The late Dr. Richard Bremen, another Constitutional scholar, wrote the following for the Constitution Center. Though it appeared on constitution center.org more than two decades ago, it seems even more relevant to us today.
I was tempted to bold all the passages below because they strike me as so valuable–and timely. I did bold the closing paragraphs that bring us full circle.
“As we look at the state of our federal union 211 years after the Founders completed their work, there is cause for satisfaction that we have avoided many of the plagues afflicting so many other societies, but this is hardly cause for complacency.
“To be sure, the US Constitution itself has not only survived the crises confronting it in the past, but in so doing, it has in itself become our nation’s most powerful symbol of unity–a far preferable alternative to a monarch or a national religion, the institutions on which most nations around the world have relied.
“Moreover, our Constitution is a stronger, better document than it was when it initially emerged from the Philadelphia Convention. Through the amendment process (in particular, through the 13th, 14th, 15th and 19th Amendments), it has become the protector of the rights of all the people, not just some of the people.
“On the other hand, the challenges to national unity under our Constitution are, if anything, far greater than those confronting the infant nation in 1787. Although the new nation was a pluralistic one by the standards of the 18th century, the face of America in 1998 looks very different from the original: we are no longer a people united by a common language, religion or culture; and while our overall level of material prosperity is staggering by the standards of any age, the widening gulf between rich and poor is perhaps the most serious threat to a common definition of the ‘pursuit of happiness.’
“The conditions that threaten to undermine our sense of nationhood, bound up in the debate over slavery and manifested in intense sectional conflict during the pre-Civil War era, are today both more complex and diffuse.
“Some of today’s conditions are part of the tragic legacy of slavery–a racial climate marked too often by mutual mistrust and misunderstanding and a condition of desperate poverty within our inner cities that has left many young people so alienated that any standard definition of citizenship becomes meaningless.
“More commonly, but in the long run perhaps just as alarming, tens of millions of Americans have been turned-off by the corrupting effects of money on the political system. Bombarded with negative advertising about their candidates, they express their feelings of alienation by staying home on election day.
“If there is a lesson in all of this it is that our Constitution is neither a self-actuating nor a self-correcting document. It requires the constant attention and devotion of all citizens. There is a story, often told, that upon exiting the Constitutional Convention Benjamin Franklin was approached by a group of citizens asking what sort of government the delegates had created. His answer was: ‘A republic, if you can keep it.’

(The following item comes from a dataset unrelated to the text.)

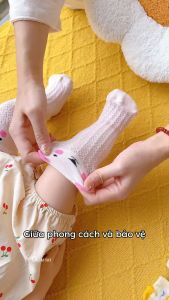 Tất lưới chống muỗi cho bé trai bé gái Mr.socks vớ cổ cao hình thú mềm mỏng nhiều màu cho bé từ 0-12 tháng - YIQ-W005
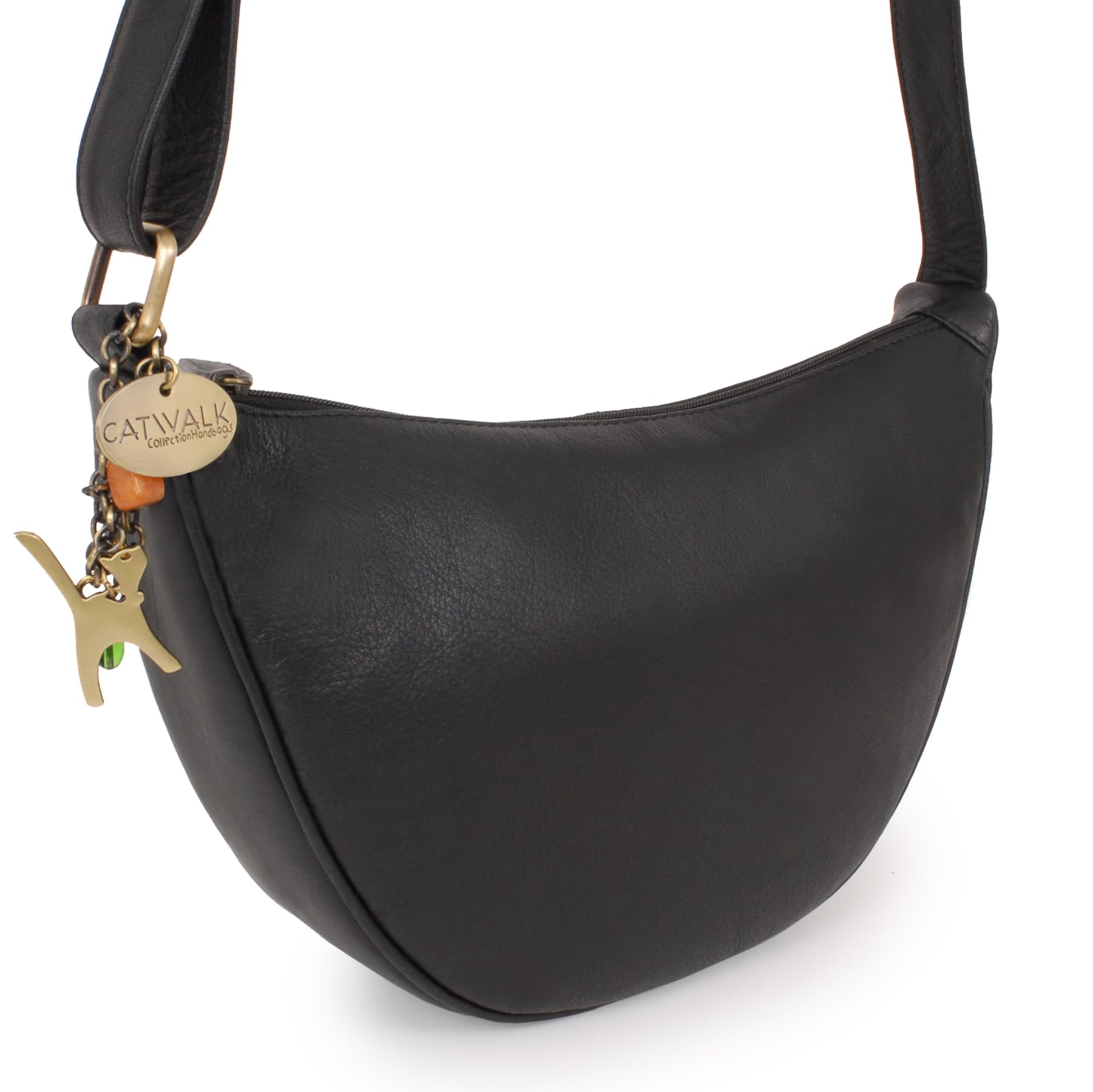 Catwalk Collection Handbags - Borsa Mezzaluna in Vera Pelle - Borsa a Tracolla Media da Donna - Borsetta a Mano - Tracolla Regolabile - Luna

“The brevity of that response should not cause us to under-value its essential meaning: democratic republics are not merely founded upon the consent of the people, they are also absolutely dependent upon the active and informed involvement of the people for their continued good health.”
Republic or Democracy? One and the same—if we can keep it.
[Note: In searching for a free image of Ben Franklin that I could use immediately, I came up with only the one you see above. At first I thought it was inappropriate to show him surrounded by Bitcoins. Viewed metaphorically, though, the image suggests that the past remains an important part of us–even as we venture into new territory that’s somewhat cryptic to me at this point!]